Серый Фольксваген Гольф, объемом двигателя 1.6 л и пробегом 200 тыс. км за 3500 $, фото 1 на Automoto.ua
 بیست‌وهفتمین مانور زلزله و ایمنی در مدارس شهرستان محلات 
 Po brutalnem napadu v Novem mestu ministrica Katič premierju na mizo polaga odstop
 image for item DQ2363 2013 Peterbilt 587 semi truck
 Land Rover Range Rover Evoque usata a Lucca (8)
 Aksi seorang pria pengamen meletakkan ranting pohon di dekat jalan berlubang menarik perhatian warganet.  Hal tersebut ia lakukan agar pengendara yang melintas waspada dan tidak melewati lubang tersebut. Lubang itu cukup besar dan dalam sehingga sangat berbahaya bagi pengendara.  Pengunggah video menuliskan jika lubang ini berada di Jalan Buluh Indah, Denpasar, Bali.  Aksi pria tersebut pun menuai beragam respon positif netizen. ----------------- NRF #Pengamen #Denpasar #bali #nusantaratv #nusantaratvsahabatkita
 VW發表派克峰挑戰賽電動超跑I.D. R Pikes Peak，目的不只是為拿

_ _ _ _ _ _ _

BRIEF>
Please output every record exactly as it appears.

SOLUTION TO THE EXERCISE>
Серый Фольксваген Гольф, объемом двигателя 1.6 л и пробегом 200 тыс. км за 3500 $, фото 1 на Automoto.ua
 بیست‌وهفتمین مانور زلزله و ایمنی در مدارس شهرستان محلات 
 Po brutalnem napadu v Novem mestu ministrica Katič premierju na mizo polaga odstop
 image for item DQ2363 2013 Peterbilt 587 semi truck
 Land Rover Range Rover Evoque usata a Lucca (8)
 Aksi seorang pria pengamen meletakkan ranting pohon di dekat jalan berlubang menarik perhatian warganet.  Hal tersebut ia lakukan agar pengendara yang melintas waspada dan tidak melewati lubang tersebut. Lubang itu cukup besar dan dalam sehingga sangat berbahaya bagi pengendara.  Pengunggah video menuliskan jika lubang ini berada di Jalan Buluh Indah, Denpasar, Bali.  Aksi pria tersebut pun menuai beragam respon positif netizen. ----------------- NRF #Pengamen #Denpasar #bali #nusantaratv #nusantaratvsahabatkita
 VW發表派克峰挑戰賽電動超跑I.D. R Pikes Peak，目的不只是為拿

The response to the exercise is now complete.